=== Data to examine ===
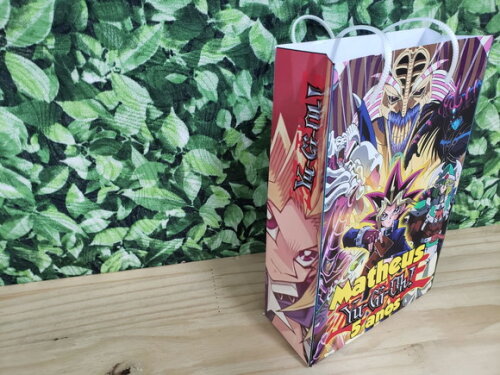 Yugioh Sacola Personalizada Pronta Entrega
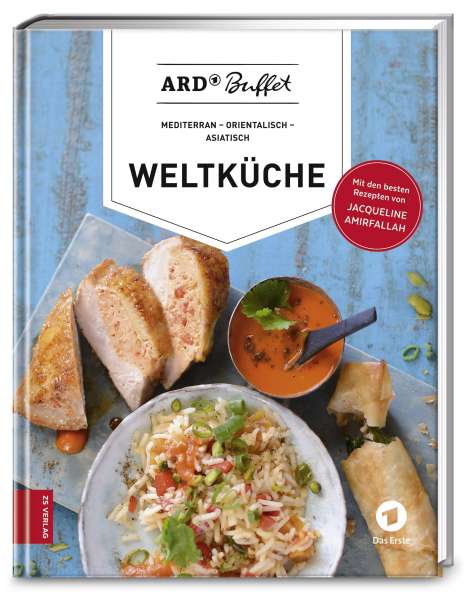 ARD-Buffet. Weltküche, Buch
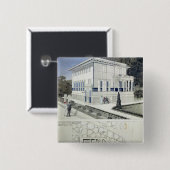 Landhaus Wagner, Wien Button (Vorne & Hinten)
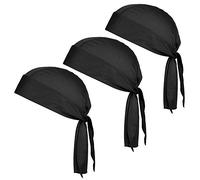 HASAGEI Bandana Deportiva para Hombre y Mujer, Transpirable de Verano, Absorbe el Sudor, Bandana para Motociclista, Talla única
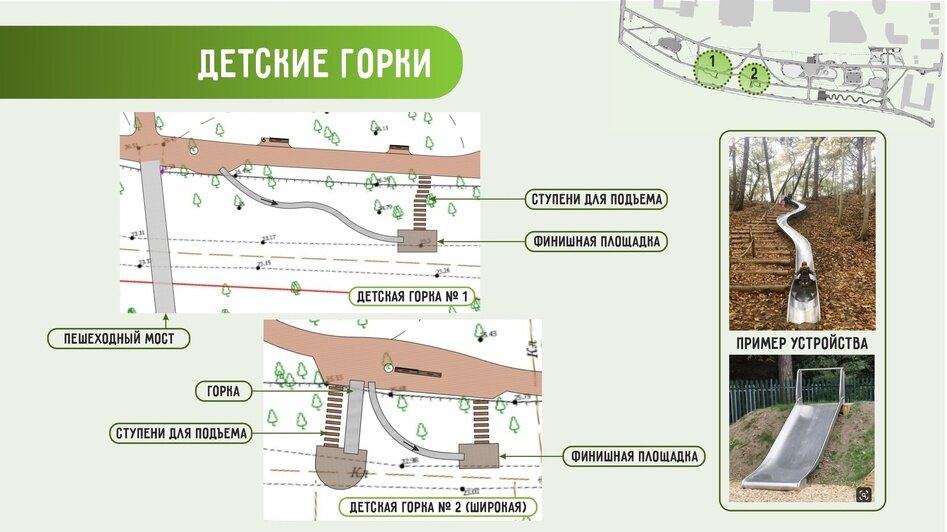 «Дорожка с виражами»: в Калининграде планируют реновировать Шервудский лес (эскизы) - Новости Калининграда | Предоставлено администрацией Калининграда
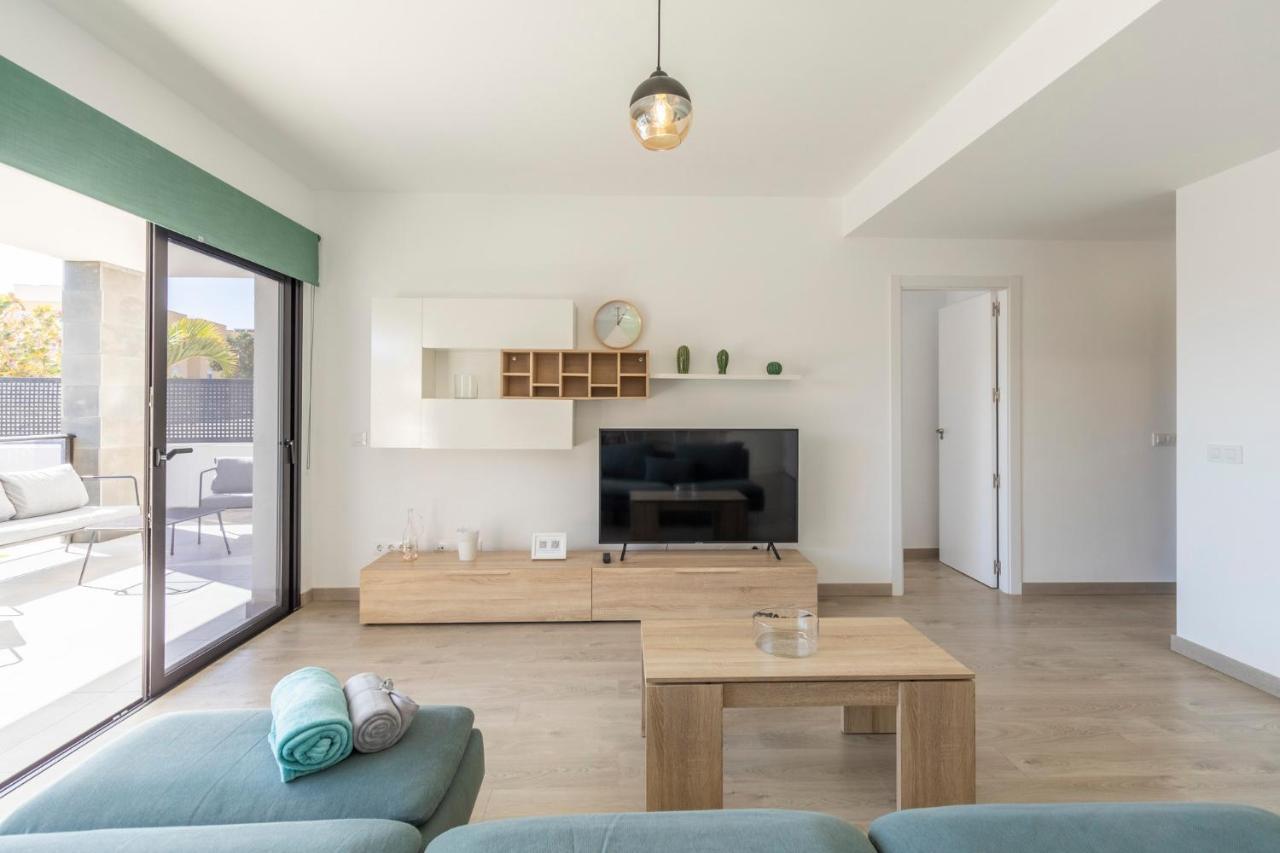 Medano4You The Strelitzia Terrace El Medano  Ngoại thất bức ảnh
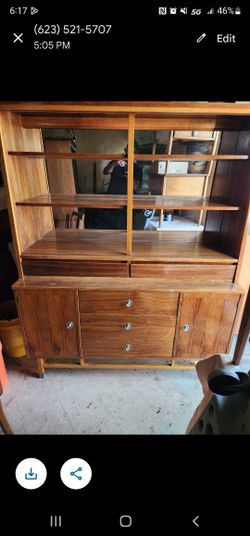 Mid century Hutch 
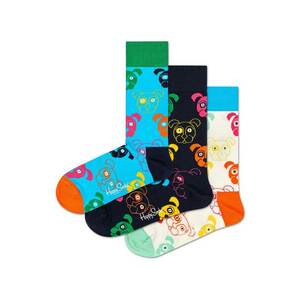 Happy Socks Zokni 'Bavaria Edition' vízszín / korál / fekete / fehér kép
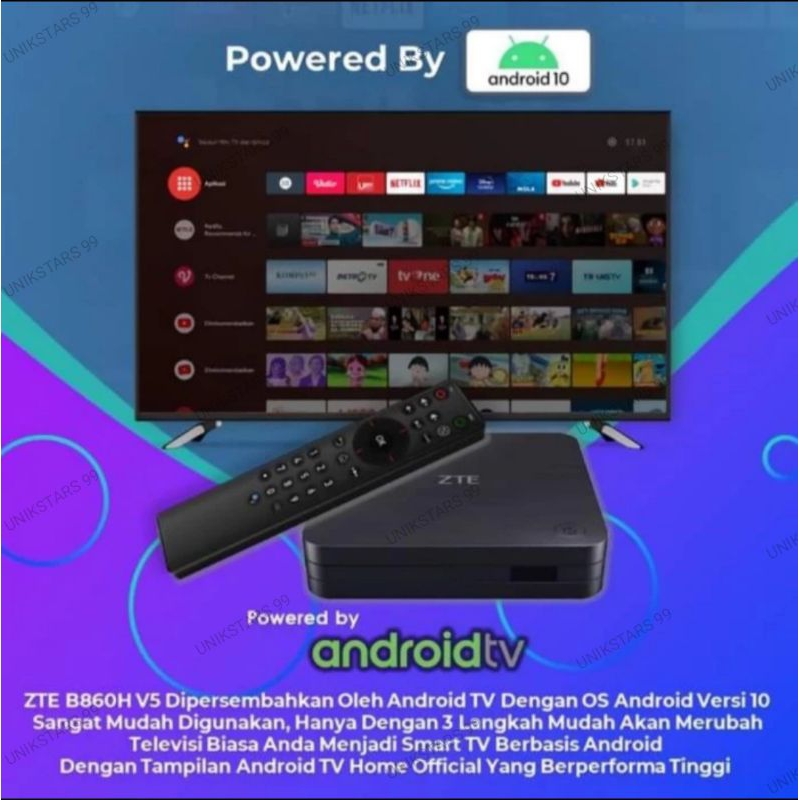 Android TV Box ZTE B860H V5 Android 12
===
What you should do ▸ The lines wanted run from the line containing "HASAGEI Bandana Deportiva" through the end of the entries; return them exactly, both ends included, and keep pictures out.

Solution to this exercise ▸
 HASAGEI Bandana Deportiva para Hombre y Mujer, Transpirable de Verano, Absorbe el Sudor, Bandana para Motociclista, Talla única
 «Дорожка с виражами»: в Калининграде планируют реновировать Шервудский лес (эскизы) - Новости Калининграда | Предоставлено администрацией Калининграда
 Medano4You The Strelitzia Terrace El Medano  Ngoại thất bức ảnh
 Mid century Hutch 
 Happy Socks Zokni 'Bavaria Edition' vízszín / korál / fekete / fehér kép
 Android TV Box ZTE B860H V5 Android 12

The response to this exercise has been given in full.